It’s now pretty clear that this federal government has been trying to make some huge changes to institutions at the very foundation of this country — the Supreme Court, the Senate and, not least of all, the laws over how people are chosen to sit in the Commons.
We need more than just a spirited debate among elites about those proposals. We need a national referendum — an election, in other words. Not in 2015, but right now.
It may sound like a radical idea, but stand back and look at what’s been happening in a country that often lectures other nations and Quebec separatists about the need to obtain democratic consent for big change.
The Supreme Court, on its own power, stood in the way last week of the Conservative government’s proposed changes to Quebec’s representation on the court, for which we should be grateful. And yet the government is still making vague noises about trying to get its way nonetheless.
The Senate, also under siege, isn’t strong enough to defend itself from changes being contemplated and the Commons has now become a vehicle for ramming through whatever the government chooses, opposition be damned.
That’s no way to change the institutions of government. We’re dealing with matters on which the public, not the politicians, lawyers or even the judges, are owed the final word.
Note what we keep telling Quebec — for sweeping change, you need the consent of the governed, amounting to at least 50 per cent plus one of the population, and a clear question.
Needless to point out, the Conservatives did not win a 50-plus-one mandate in the 2011 election. Nor did they campaign on changing the nature of the Supreme Court, the Senate or the election laws.
But if Prime Minister Stephen Harper has become convinced since the last election that these changes are necessary, why not take them to the people? Not with advertising or slogans, but an actual, democratic election? Why not argue the case to the electorate?
We did it for free trade with the United States in the 1980s, because we did believe we were dealing in a nation-changing policy back then.
Surely the same can be argued in the case of proposed alterations to some of the rocks on which governance is based in Canada: the courts, Parliament and so on.
It’s the Fair Elections Act that has really put this thought into my head, though, about the need for an election sooner rather than later. How do we put the democracy into democratic reform?
Canada’s chief electoral officer, Marc Mayrand , has been saying for several weeks now that this country is on the verge of changing its electoral laws in a very unusual way — unusual not just for this country, but compared to others in the world.
Normally, electoral reform is done with wide, multipartisan consent, simply because our democratic rights are so basic. (They are often why wars are fought, for instance.) But there’s been no wide consultation — much less consent — for what the Conservatives are planning.
Political-science professors, domestic and international , have joined the protest.
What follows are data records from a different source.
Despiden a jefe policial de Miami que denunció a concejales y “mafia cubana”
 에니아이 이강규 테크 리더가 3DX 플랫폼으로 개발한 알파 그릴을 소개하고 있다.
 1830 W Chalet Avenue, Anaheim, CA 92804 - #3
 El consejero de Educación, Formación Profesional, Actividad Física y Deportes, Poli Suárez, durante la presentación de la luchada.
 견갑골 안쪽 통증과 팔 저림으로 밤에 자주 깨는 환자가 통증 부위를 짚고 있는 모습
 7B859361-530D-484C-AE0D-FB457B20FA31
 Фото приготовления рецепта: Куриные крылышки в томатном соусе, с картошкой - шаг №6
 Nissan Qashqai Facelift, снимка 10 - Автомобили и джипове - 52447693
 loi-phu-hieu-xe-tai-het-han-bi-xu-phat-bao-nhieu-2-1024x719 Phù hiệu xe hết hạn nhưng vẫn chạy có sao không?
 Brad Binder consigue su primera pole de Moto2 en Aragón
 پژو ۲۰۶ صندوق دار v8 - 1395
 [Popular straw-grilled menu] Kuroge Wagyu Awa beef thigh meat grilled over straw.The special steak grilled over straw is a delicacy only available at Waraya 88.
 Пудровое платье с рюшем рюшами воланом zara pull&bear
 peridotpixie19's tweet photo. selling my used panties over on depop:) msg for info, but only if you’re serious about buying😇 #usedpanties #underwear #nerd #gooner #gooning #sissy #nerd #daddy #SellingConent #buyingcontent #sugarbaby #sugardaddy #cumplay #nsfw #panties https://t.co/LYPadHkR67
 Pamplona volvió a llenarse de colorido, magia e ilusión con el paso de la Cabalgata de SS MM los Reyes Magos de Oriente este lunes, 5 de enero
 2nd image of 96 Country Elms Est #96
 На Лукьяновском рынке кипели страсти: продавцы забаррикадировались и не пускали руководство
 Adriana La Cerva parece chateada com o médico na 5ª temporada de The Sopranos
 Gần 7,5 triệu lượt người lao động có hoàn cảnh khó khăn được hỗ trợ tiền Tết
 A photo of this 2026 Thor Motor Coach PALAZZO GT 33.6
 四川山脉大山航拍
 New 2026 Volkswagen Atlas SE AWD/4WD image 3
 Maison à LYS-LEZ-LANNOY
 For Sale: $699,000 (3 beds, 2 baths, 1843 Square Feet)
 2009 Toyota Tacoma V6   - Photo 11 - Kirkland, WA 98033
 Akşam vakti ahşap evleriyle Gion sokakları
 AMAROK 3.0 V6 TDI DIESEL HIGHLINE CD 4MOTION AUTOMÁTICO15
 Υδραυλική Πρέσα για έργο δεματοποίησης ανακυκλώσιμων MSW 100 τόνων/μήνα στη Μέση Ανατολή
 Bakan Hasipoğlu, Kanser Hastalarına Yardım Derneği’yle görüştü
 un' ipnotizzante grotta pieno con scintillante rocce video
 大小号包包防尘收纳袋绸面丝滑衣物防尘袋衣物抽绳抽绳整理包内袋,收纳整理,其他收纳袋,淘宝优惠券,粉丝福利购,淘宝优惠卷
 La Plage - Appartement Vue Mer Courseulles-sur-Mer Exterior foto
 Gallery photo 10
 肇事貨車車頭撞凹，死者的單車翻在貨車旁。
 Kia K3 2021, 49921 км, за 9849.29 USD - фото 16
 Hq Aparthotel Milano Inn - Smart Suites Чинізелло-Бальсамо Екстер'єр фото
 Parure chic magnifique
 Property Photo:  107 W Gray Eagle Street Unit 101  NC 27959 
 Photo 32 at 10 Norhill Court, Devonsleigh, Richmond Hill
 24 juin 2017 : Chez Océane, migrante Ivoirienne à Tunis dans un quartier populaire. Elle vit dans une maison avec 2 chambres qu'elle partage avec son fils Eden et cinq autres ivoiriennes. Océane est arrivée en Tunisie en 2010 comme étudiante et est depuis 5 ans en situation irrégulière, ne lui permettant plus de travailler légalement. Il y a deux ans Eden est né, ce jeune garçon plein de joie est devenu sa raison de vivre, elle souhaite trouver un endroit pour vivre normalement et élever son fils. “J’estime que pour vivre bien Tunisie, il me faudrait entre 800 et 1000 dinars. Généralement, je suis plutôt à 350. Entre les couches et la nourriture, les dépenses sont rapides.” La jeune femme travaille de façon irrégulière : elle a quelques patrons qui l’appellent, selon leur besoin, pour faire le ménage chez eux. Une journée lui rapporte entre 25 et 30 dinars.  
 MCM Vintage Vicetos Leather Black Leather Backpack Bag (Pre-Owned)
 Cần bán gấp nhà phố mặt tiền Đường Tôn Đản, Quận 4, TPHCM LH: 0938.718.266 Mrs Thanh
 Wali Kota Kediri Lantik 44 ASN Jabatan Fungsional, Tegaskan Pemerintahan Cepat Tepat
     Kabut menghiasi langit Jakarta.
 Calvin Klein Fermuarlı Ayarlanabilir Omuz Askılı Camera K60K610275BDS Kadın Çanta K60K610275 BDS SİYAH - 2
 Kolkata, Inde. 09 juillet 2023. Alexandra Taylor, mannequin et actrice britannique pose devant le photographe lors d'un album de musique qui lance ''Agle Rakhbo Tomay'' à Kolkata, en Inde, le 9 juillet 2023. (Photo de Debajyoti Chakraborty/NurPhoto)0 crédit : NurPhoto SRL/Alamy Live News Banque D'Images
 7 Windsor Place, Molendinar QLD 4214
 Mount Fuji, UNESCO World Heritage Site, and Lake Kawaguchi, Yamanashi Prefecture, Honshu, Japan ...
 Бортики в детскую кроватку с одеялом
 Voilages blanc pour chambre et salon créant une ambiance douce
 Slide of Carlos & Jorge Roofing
Mayrand himself is out there on a limb. NDP leader Thomas Mulcair, encouragingly, is taking the matter to the people.
But unlike the Supreme Court, which had the power to stop the changes, none of the election-law dissenters has an ability to defend the democratic institutions from undemocratic changes.
If it’s good enough for Quebec, it should be good enough for the whole of Canada. A truly “fair” electoral reform would have the consent of 50 per cent plus one of the population, based on clear questions posed to the electorate.
I know. We all got sick of back-to-back elections from 2006 through to 2011, and believe me, I’m in no great hurry to cover a campaign that almost certainly will be the nastiest we’ve seen in some time.
But voter fatigue isn’t a good enough reason to sit back and shrug as changes are made to our institutions by a government that was never asked — or asked — to fiddle with them. So, as the old saying goes: let the people decide.